*Task to complete:* Range to output from the entries below: the line containing "Olmaz olsun böyle müzik aleti" through the line containing "Easton Park C6". Set it down exactly, ends included, nothing else.

Records from a collection:
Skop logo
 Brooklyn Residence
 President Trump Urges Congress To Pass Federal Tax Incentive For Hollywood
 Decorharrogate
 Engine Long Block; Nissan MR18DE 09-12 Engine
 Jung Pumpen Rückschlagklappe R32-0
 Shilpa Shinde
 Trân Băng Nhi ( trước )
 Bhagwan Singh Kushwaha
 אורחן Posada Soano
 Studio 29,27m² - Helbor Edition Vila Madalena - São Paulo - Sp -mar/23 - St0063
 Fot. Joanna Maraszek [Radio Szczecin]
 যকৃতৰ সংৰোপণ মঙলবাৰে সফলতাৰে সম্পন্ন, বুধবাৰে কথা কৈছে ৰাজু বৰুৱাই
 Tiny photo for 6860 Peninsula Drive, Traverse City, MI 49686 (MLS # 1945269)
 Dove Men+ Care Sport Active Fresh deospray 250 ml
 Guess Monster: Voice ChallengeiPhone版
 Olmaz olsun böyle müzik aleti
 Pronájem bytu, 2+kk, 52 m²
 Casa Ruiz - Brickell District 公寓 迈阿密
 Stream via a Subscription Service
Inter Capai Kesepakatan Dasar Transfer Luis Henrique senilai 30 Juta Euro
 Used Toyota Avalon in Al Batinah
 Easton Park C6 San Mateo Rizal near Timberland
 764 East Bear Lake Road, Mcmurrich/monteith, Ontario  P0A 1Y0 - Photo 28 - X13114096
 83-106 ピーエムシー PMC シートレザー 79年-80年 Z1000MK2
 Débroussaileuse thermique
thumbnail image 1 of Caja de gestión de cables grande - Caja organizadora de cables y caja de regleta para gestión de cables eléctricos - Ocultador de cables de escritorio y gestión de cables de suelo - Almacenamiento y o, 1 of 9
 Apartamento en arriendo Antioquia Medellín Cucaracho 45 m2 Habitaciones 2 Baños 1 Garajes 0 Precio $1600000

*Solved exercise:*
 Olmaz olsun böyle müzik aleti
 Pronájem bytu, 2+kk, 52 m²
 Casa Ruiz - Brickell District 公寓 迈阿密
 Stream via a Subscription Service
Inter Capai Kesepakatan Dasar Transfer Luis Henrique senilai 30 Juta Euro
 Used Toyota Avalon in Al Batinah
 Easton Park C6 San Mateo Rizal near Timberland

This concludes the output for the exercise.